Em 1918, em um mundo que lutava contra o impacto econômico da guerra global, o vírus se tornou mais letal devido às altas taxas de desnutrição. 

Mas a equipe por trás de um novo estudo, publicado na revista Journal Frontiers in Cellular and Infection Microbiology, disse que o próximo surto se espalhará no mundo desenvolvido entre uma população que sofre com taxas recordes de obesidade e diabetes.

"Duplo fardo"

"O que sabemos da pandemia de 2009 é que pessoas com certas doenças (como obesidade e diabetes) tiveram probabilidade significativamente maior de serem hospitalizadas e morrer de gripe", disse à AFP Kirsty Short, da escola de Química e Biociências da Universidade de Queensland. 

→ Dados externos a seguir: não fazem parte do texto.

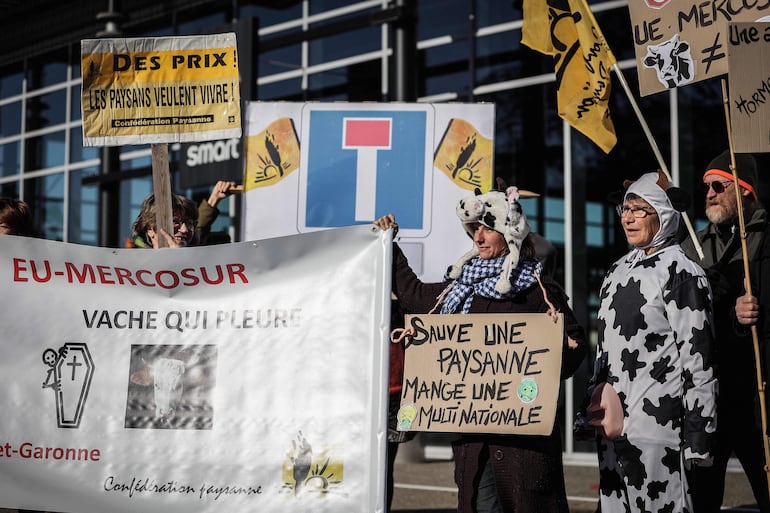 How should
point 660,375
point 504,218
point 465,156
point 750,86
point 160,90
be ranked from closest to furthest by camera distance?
point 660,375
point 504,218
point 750,86
point 160,90
point 465,156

A equipe alertou que o mundo enfrentava um "duplo fardo" de doenças graves devido à desnutrição generalizada nos países pobres - exacerbada pelas mudanças climáticas - e à supernutrição nos países mais ricos. 

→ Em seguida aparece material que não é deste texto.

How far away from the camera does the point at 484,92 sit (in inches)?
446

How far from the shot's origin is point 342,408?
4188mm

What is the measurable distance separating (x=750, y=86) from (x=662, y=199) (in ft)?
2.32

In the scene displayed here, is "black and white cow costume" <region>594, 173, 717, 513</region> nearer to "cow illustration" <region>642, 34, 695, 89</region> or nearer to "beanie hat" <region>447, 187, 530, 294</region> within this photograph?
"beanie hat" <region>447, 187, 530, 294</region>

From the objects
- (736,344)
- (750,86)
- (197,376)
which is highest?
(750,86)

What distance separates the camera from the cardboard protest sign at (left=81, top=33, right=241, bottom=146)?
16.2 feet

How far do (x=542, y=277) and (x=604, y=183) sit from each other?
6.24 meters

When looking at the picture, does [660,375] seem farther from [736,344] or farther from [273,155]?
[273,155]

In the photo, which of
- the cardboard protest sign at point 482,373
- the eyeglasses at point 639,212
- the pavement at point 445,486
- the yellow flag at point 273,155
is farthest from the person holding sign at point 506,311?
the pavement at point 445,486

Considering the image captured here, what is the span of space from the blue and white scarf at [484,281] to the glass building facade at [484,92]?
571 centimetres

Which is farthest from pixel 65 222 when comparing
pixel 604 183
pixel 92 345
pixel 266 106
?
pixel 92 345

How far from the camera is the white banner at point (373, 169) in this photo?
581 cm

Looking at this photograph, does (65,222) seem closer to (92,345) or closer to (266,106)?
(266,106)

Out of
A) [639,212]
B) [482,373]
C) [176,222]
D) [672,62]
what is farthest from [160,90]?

E o aquecimento global poderia impactar de outras formas. 

Van de Sandt disse que, uma vez que muitas cepas de influenza começam nas aves, um planeta em aquecimento pode alterar onde o próximo surto surgirá. 

"A mudança climática pode mudar os padrões de migração das aves, trazendo potenciais vírus pandêmicos para novos locais e potencialmente uma variedade maior de espécies de aves", disse. 

Uma coisa que a investigação sobre 1918 levantou foi que as pessoas mais velhas se saíram significativamente melhor contra a cepa do vírus do que os adultos mais jovens. 

A equipe teorizou que isso se devia em parte ao fato de que os cidadãos mais velhos acumularam alguma imunidade por meio de infecções anteriores. 

A maioria das mortes no surto de 1918 - cerca de 50 milhões de pessoas, ou 2,5% dos infectados - foi devido a infecções bacterianas secundárias, algo que os antibióticos ajudaram a aliviar durante as pandemias subsequentes. 

Mas hoje muitas bactérias são imunes a antibióticos. 

"Isso aumenta o risco de que as pessoas sofram novamente e morram como resultado de infecções bacterianas secundárias durante o próximo surto pandêmico", disse Katherine Kedzierska, do Instituto Doherty, em Melbourne. 

Os autores soaram particularmente alarmados com o influenza H7N9 aviário - um vírus que mata cerca de 40% das pessoas infectadas, mesmo que atualmente não possa passar de humano para humano. 

"No momento, nenhum desses vírus adquiriu a capacidade de se espalhar entre humanos, mas sabemos que o vírus só precisa fazer algumas pequenas mudanças para que isso aconteça e poderia criar uma nova pandemia de gripe", disse Van de Sandt.

"Informar o público"

Enquanto o mundo em 2018, com mais de sete bilhões de pessoas, megacidades e viagens aéreas globais, seja muito diferente de um século atrás, os pesquisadores insistem em que há muitas lições que a gripe espanhola pode ensinar aos governos de hoje. 

Por natureza, as cepas de vírus pandêmicos são imprevisíveis - se as autoridades soubessem com certeza qual gripe se alastraria, poderiam investir em uma vacina amplamente disponível. 

Até que uma vacina universal seja criada, "os governos devem informar o público sobre o que esperar e como agir durante uma pandemia", disse Van de Sandt. 

O estudo disse que os governos poderiam usar o poder comunicativo da internet para ajudar a espalhar o conhecimento e as instruções no caso de uma nova pandemia. 

"Uma lição importante da pandemia de influenza de 1918 é que uma resposta pública bem preparada pode salvar muitas vidas", disse Van de Sandt.